In Pandas, we have the freedom to add different functions whenever needed like lambda function, sort function, etc. We can apply a lambda function to both the columns and rows of the Pandas data frame.

Syntax: lambda arguments: expression

An anonymous function which we can pass in instantly without defining a name or any thing like a full traditional function.

Example 1: Applying lambda function to single column using Dataframe.assign()

Python3




# importing pandas library
import pandas as pd
  
# creating and initializing a list
values= [['Rohan',455],['Elvish',250],['Deepak',495],
         ['Soni',400],['Radhika',350],['Vansh',450]]
 
# creating a pandas dataframe
df = pd.DataFrame(values,columns=['Name','Total_Marks'])
 
# Applying lambda function to find
# percentage of 'Total_Marks' column
# using df.assign()
df = df.assign(Percentage = lambda x: (x['Total_Marks'] /500 * 100))
 
# displaying the data frame
df

Output :

In the above example, the lambda function is applied to the ‘Total_Marks’ column and a new column ‘Percentage’ is formed with the help of it.
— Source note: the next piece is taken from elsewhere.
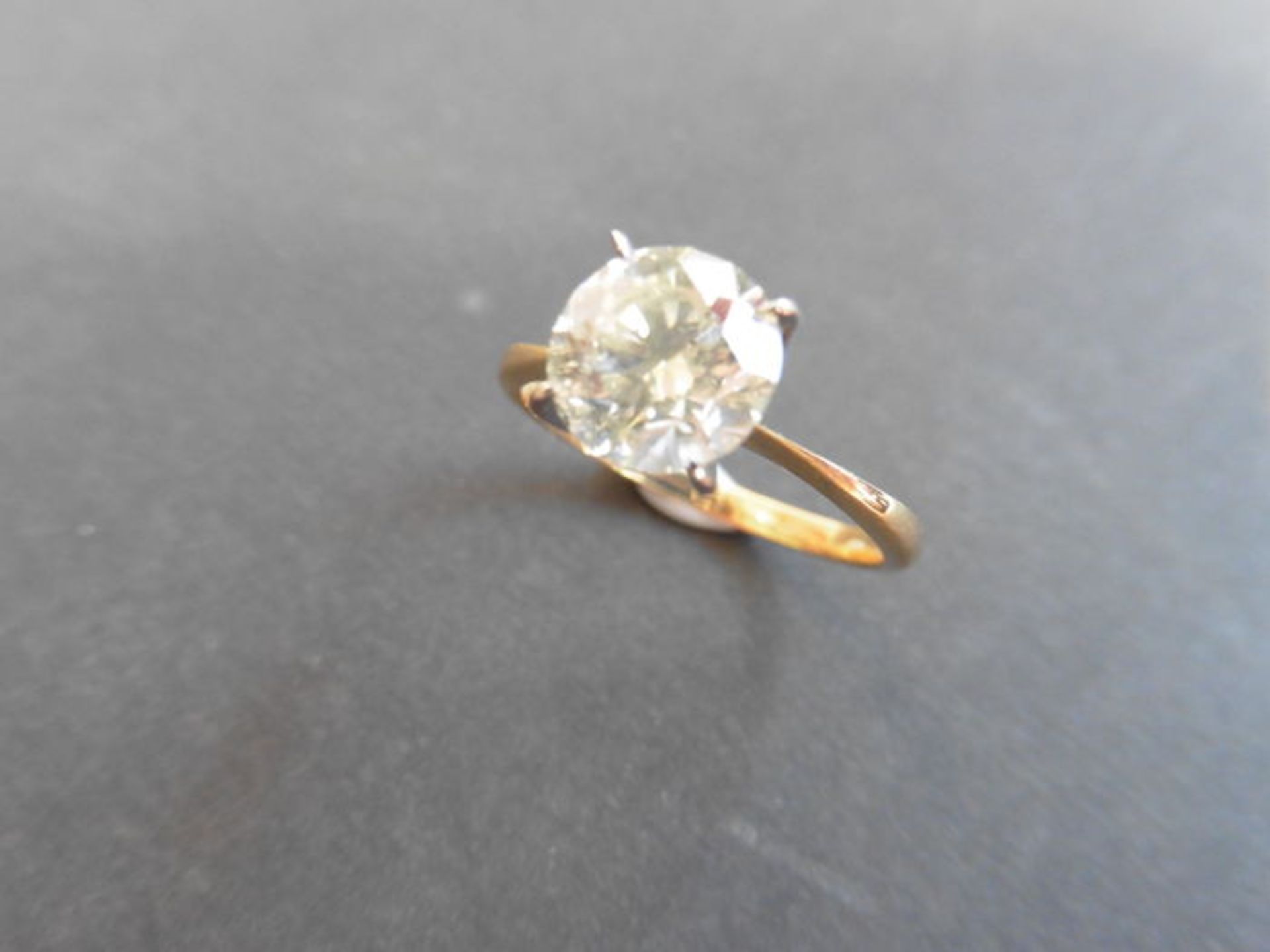 2.00ct diamond solitaire ring set in 18ct gold. Enchanced diamond, H colour and I2 clarity. 4 claw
Example 2: Applying lambda function to multiple columns using Dataframe.assign()

Python3




# importing pandas library
import pandas as pd
 
# creating and initializing a nested list
values_list = [[15, 2.5, 100], [20, 4.5, 50], [25, 5.2, 80],
               [45, 5.8, 48], [40, 6.3, 70], [41, 6.4, 90],
               [51, 2.3, 111]]
 
# creating a pandas dataframe
df = pd.DataFrame(values_list, columns=['Field_1', 'Field_2', 'Field_3'])
 
# Applying lambda function to find
# the product of 3 columns using
# df.assign()
df = df.assign(Product=lambda x: (x['Field_1'] * x['Field_2'] * x['Field_3']))
 
# printing dataframe
df

Output :

In the above example, lambda function is applied to 3 columns i.e ‘Field_1’, ‘Field_2’, and ‘Field_3’.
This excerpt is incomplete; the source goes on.